FRSEM-UA.0385-001 -- Computational Thought, fall 2015
Dennis Shasha
Mondays: 2 to 4:30
Office hours: After class
Goal
Computational technology and methods
lie at the core of modern science, commerce, entertainment, and
regrettably war.
There are very powerful ideas underlying the field that have roots
in mathematics, linguistics, engineering, and even philosophy.
Some of its greatest inventions were born in cafes
or as responses to a puzzle.
Some recent algorithmic methods come from studying ants and evolution.
My goal is to teach you to understand computation from the point
of view of its history in logic and mathematics,
how computers are built from transistors up, the ideas
underlying programming languages, computational problem-solving
techniques (algorithms), and new frontiers such as artificial intelligence,
swarm intelligence, and DNA computing.
Principal Texts
Optional:
-
Computer Science: an overview
J. Glenn Brookshear, publisher: Pearson/Addison Wesley
-
Learning Python
by Mark Lutz and David Ascher, publisher: O'Reilly, 366 pages.
You can order this
online.
-
Mining the Social Web: Analyzing Data from Facebook, Twitter, LinkedIn, and Other Social Media Sites
by Matthew Russell. This book uses data mining
programs in python to analyze social media.
(I haven't ordered this, but hear the book is good.)
Workload/Requirements
You will have weekly assignments of reading, puzzles, and/or programs.
In addition, you will be a scribe (take notes for all members
of the course) for two classes during the semester.
To see what the product of a scribe is, check out the excellent
web site on quantum computing
(a subject we will discuss a bit
towards the end) where graduate students
at MIT were scribes.
I'm sure you can do better.
(Please take the scribe duty very seriously.
If you can't make it, then please get your alternate
to take it for you.)
You will make oral presentations two or three times
during the semester.
For homeworks, you may work alone or with
at most one partner.
There will be quizzes (one or two questions per quiz) but no exams.
Your grade will depend in equal measure on class engagement,
quizzes, presentations, and homeworks.
Lateness policy: Late homeworks or project will not be accepted .
If you have a medical excuse, then I will simply not count that
homework and your grade will be the average over your other work.
I will spend some time reviewing the homeworks either the day
they are due or the following class.
So this is just a question of fairness.
Syllabus in Order
-
Week 1:
Mathematical sources of computation: how did a paradox spur the invention
of modern computation?
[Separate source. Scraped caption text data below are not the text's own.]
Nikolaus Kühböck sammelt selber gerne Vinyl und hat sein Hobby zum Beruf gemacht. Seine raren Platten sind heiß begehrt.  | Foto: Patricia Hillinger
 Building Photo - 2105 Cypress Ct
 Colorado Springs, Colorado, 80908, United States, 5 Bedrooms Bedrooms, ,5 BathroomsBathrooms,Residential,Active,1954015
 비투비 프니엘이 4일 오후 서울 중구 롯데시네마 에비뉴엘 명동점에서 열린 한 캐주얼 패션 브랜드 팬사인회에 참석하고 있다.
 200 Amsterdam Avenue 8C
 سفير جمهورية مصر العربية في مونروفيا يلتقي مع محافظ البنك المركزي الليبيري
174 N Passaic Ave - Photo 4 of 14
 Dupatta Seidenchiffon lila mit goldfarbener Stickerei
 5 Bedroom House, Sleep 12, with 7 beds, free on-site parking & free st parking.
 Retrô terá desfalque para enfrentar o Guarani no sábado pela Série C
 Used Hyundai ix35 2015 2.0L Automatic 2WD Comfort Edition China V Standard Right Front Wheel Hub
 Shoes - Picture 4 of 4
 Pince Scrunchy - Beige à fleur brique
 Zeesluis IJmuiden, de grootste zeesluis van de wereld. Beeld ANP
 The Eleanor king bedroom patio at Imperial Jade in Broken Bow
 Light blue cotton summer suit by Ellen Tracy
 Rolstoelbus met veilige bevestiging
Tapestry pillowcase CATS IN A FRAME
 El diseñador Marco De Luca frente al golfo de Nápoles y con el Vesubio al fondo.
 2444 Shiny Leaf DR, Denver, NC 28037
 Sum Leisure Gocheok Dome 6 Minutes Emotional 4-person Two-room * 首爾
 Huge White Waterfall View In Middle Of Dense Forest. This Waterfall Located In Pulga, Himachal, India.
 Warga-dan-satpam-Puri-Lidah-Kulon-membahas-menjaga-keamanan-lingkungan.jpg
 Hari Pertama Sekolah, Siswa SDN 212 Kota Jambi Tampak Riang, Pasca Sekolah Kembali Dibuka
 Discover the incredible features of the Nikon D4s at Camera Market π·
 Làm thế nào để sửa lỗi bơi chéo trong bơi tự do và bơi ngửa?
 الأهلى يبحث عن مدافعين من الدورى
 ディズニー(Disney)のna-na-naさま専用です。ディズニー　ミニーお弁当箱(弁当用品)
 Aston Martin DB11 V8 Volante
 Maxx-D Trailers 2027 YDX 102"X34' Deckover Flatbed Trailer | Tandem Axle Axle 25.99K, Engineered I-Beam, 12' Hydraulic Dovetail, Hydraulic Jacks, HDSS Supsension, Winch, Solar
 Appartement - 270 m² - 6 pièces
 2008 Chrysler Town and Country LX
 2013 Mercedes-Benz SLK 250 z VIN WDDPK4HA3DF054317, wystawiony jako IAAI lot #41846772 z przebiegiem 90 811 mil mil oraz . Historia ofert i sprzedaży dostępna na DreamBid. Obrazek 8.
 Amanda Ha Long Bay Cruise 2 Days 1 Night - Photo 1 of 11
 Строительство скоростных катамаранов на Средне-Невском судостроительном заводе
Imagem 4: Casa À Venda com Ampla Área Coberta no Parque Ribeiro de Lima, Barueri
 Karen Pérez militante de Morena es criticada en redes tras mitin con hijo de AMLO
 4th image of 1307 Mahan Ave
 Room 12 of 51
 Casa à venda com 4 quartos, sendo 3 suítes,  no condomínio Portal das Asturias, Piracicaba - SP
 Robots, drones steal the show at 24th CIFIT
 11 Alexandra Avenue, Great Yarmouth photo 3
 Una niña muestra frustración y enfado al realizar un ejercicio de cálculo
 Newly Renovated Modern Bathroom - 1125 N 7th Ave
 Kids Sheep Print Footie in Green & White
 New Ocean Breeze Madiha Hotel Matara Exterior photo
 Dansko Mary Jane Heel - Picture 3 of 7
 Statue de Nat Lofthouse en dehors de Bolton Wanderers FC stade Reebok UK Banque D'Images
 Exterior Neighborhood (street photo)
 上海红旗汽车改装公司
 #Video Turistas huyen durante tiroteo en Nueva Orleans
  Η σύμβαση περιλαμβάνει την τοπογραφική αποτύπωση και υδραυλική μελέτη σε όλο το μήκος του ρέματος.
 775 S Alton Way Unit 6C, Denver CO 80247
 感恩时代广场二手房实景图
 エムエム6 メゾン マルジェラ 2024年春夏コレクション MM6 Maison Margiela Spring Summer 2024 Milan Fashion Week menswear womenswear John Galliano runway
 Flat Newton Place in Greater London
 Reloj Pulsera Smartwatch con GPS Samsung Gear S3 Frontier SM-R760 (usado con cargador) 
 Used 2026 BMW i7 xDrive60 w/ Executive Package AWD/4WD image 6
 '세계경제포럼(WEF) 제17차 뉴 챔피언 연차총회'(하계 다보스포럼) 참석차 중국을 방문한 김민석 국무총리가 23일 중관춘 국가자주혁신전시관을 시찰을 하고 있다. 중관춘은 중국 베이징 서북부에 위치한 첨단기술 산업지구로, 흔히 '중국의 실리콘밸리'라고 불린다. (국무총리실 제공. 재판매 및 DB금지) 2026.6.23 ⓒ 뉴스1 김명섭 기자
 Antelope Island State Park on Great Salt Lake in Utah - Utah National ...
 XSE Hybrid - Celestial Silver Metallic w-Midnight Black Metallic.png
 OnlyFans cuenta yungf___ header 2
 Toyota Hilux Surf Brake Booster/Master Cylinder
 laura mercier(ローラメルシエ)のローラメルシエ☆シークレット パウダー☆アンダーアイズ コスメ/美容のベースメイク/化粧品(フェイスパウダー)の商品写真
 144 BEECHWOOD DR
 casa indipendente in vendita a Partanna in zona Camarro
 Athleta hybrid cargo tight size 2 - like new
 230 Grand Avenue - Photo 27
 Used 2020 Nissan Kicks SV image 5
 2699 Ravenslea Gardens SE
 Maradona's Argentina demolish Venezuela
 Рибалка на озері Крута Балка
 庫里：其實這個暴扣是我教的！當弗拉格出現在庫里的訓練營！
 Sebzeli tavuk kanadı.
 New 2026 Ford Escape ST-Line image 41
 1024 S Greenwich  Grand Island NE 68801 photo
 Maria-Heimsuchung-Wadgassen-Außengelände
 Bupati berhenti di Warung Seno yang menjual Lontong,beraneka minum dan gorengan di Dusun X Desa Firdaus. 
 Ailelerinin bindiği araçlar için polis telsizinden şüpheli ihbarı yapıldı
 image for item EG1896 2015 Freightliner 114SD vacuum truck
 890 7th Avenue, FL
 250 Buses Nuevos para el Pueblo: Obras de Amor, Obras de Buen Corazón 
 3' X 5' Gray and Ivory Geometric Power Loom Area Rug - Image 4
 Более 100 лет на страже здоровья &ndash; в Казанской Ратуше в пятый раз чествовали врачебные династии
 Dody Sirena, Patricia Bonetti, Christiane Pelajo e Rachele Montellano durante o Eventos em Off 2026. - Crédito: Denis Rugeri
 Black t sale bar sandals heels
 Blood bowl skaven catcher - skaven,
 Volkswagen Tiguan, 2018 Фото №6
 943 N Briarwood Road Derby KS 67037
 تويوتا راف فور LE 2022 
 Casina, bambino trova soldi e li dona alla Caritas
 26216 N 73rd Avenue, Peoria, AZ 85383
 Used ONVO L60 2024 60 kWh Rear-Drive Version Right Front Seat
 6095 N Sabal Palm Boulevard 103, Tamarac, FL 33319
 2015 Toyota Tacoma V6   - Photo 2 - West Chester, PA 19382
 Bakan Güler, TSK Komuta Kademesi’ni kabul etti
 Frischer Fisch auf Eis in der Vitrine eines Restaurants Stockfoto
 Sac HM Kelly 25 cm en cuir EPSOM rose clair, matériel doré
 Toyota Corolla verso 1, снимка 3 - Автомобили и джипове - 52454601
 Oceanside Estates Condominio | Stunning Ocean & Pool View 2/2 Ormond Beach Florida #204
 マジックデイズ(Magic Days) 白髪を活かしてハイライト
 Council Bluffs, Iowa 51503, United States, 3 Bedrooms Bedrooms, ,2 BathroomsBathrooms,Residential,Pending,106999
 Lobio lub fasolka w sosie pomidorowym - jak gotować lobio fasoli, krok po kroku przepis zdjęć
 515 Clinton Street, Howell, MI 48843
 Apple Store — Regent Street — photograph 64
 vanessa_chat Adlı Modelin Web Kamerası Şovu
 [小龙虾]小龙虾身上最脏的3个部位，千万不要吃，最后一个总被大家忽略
This is the story of a failure
leading to the birth of an entirely new technology.
Topics:
Russell paradox (read for history/intuitive explanation)
whereas a personal but possibly imagined presentation is found here:
Russell paradox (math/logic),
Frege, Goedel, Turing,
undecidability of the halting problem,
relationship to the Entscheidungsproblem
and implications for general rewriting (Thue systems)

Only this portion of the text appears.